Die Behausung ist gut vorgeheizt und genügend Brennholz für den Kamin ist auch vorhanden. In der Verkaufseinrichtung im fünf Kilometer entfernten Nykälä füllen wir unsere Vorräte mit Brot und einigen Kleinigkeiten auf.
Zurück an der Hütte gibt es erst mal einen heißen Tee zum Aufwärmen. Nach dem Verstauen des Gepäcks und dem Einfeuern des Kamins entspannen wir uns beim Saunieren.

Mikkeli – die Stadt des Marschalls

Am nächsten Morgen beim Frühstück beschließen wir, dass Spikes wohl doch unerlässlich sind für diese Straßen- und Witterungsbedingungen.

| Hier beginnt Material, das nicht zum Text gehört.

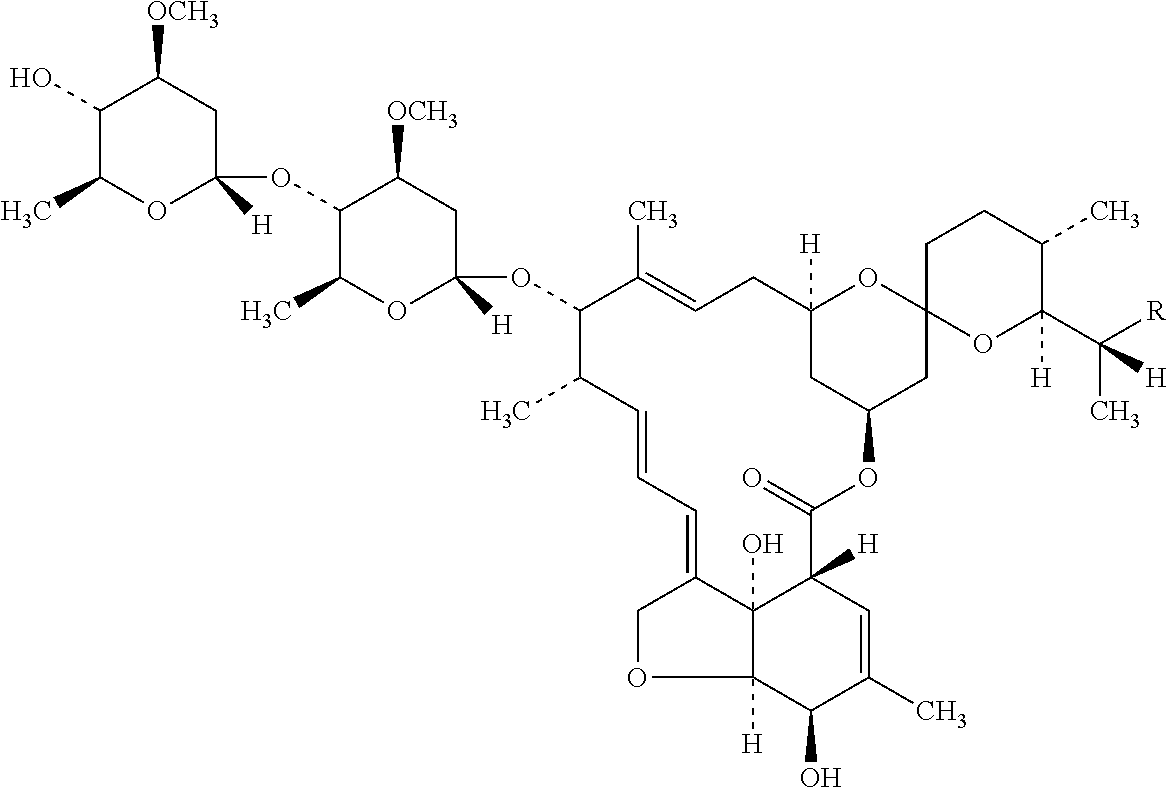 Topical Composition of Ivermectin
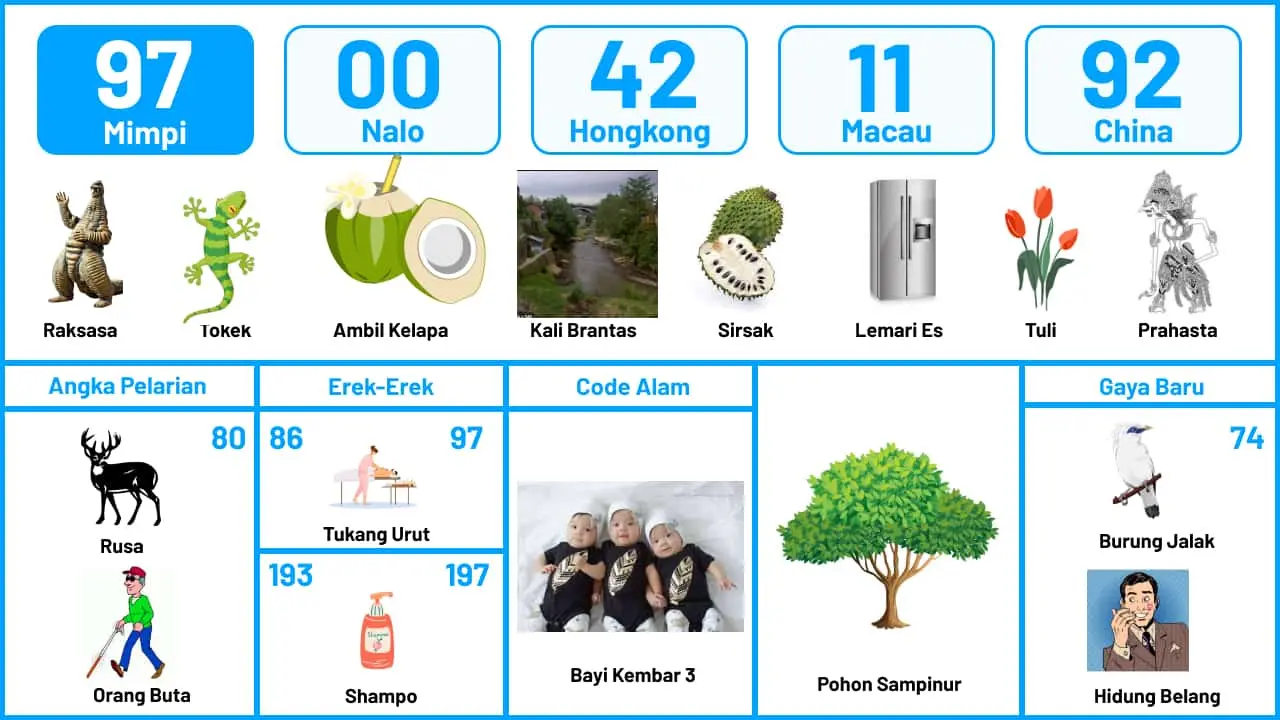 buku mimpi erek erek togel 97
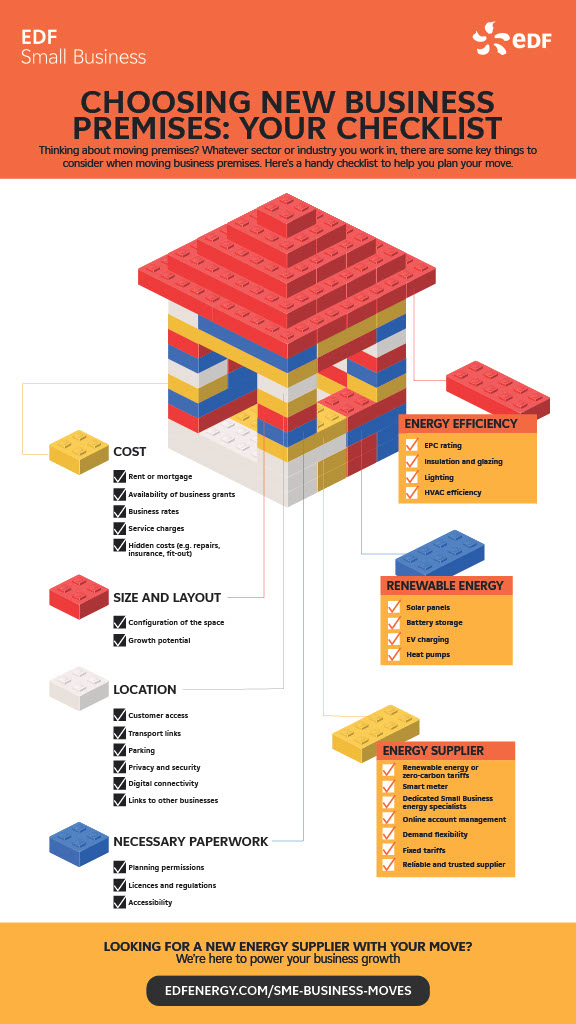 Infographic on choosing new business premises with checklist categories: cost, size, location, paperwork, energy efficiency, renewable energy, and supplier.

Unser erster Tagesausflug führt uns nach Mikkeli.

Im Bürgerkrieg , im Winter-Krieg und im Fortsetzungs-Krieg war in Mikkeli das Hauptquartier untergebracht. Wer sich in Mikkeli für einige Tage aufhält, wird nicht umhin kommen, sich mit der Geschichte auseinander zusetzen. Das Hauptquartier-, ein Infanteriemuseum und der Reisewagen des Marschalls geben genug Anlass hierfür. An sonnigen Tagen hat man vom alten Wasserturm auf dem Nasivuori eine gute Aussicht auf Stadt und Umgebung. Seit den 70er Jahren des 18. Jahrhunderts ist Mikkeli wichtiger Zentralort der Militärorganisation. Besonders stark wurde die Stadt von den Soldaten in den Kriegen des selbständigen Finnland (seit 1917) geprägt.
1939 zeigte sich, dass sich das nach dem 1. Weltkrieg geschaffene Friedenssystem dem Zusammenbruch näherte. Am 18.10.1939 wurde der Generalstab zusammengerufen. Der damalige Präsident der Republik Finnland, Kyösti Kallio, erklärte am 30.11.1939 den Kriegszustand und ernannte den Marschall Freiherr Carl Gustav Emil Mannerheim zum Oberkommandierenden.
Der Winterkrieg hatte begonnen. Wieder zog das Oberkommando nach Mikkeli. Der Friedensvertrag vom 13.3.1940 hielt nicht lange: schon 15 Monate später brach der sogenannte Fortsetzungskrieg aus. Später wurde der Marschall Präsident Finnlands und verlieh der Stadt das Freiheitskreuz und die Marschallstäbe als Bestandteile des Wappen.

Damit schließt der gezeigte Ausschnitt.